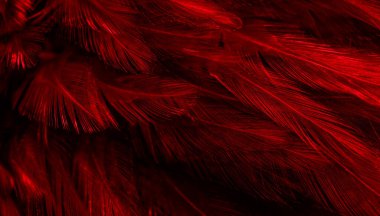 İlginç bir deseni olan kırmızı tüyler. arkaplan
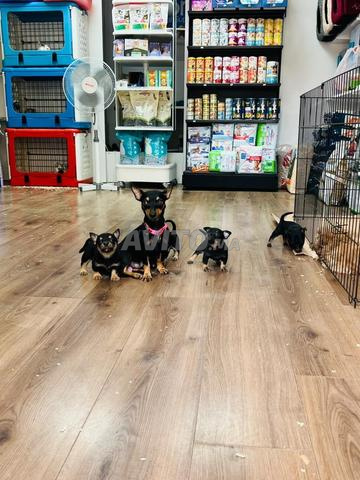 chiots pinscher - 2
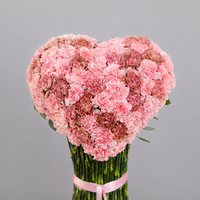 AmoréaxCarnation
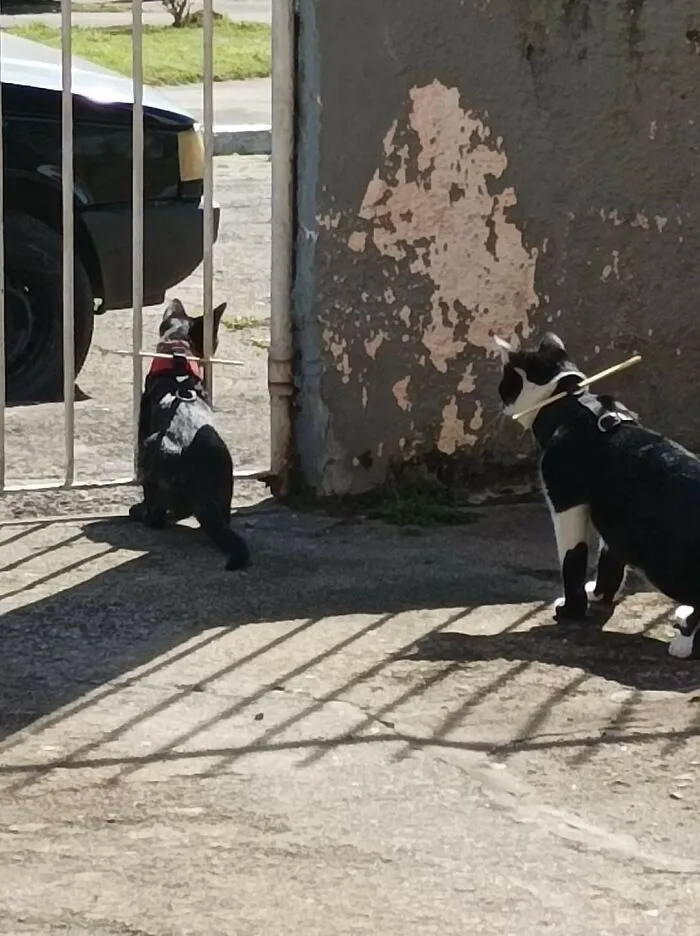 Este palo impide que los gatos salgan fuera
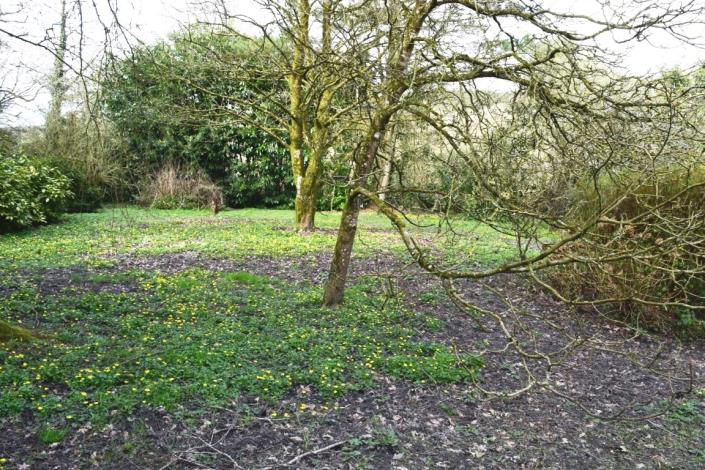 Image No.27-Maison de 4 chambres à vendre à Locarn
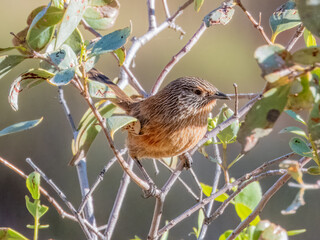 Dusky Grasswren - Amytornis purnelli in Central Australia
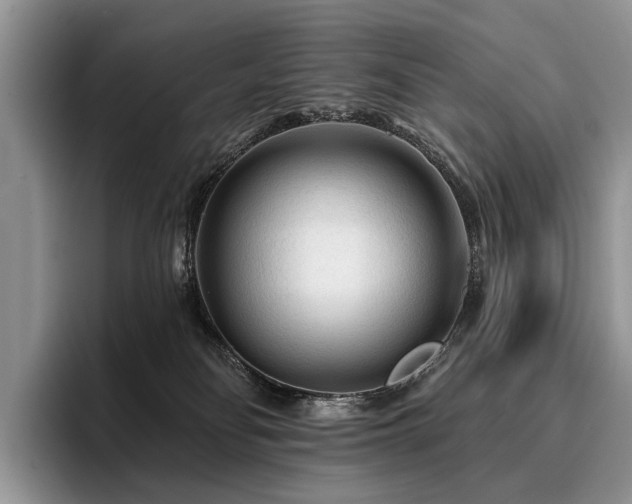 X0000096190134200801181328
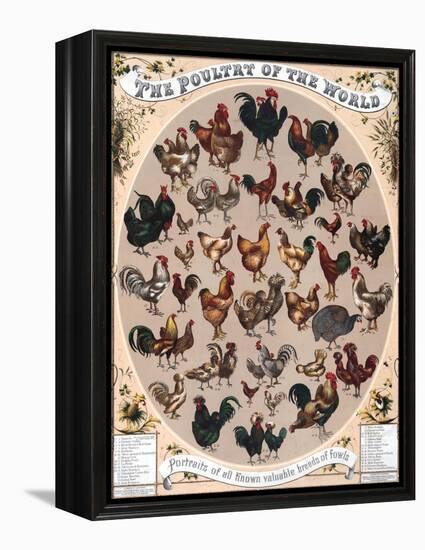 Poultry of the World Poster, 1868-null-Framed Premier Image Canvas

▸ What you are asked to do
From the line containing "Dusky Grasswren - Amytornis" down to the final line of the material, restate every line word for word, and only those; drop the pictures.

▸ Exercise response
 Dusky Grasswren - Amytornis purnelli in Central Australia
 X0000096190134200801181328
 Poultry of the World Poster, 1868-null-Framed Premier Image Canvas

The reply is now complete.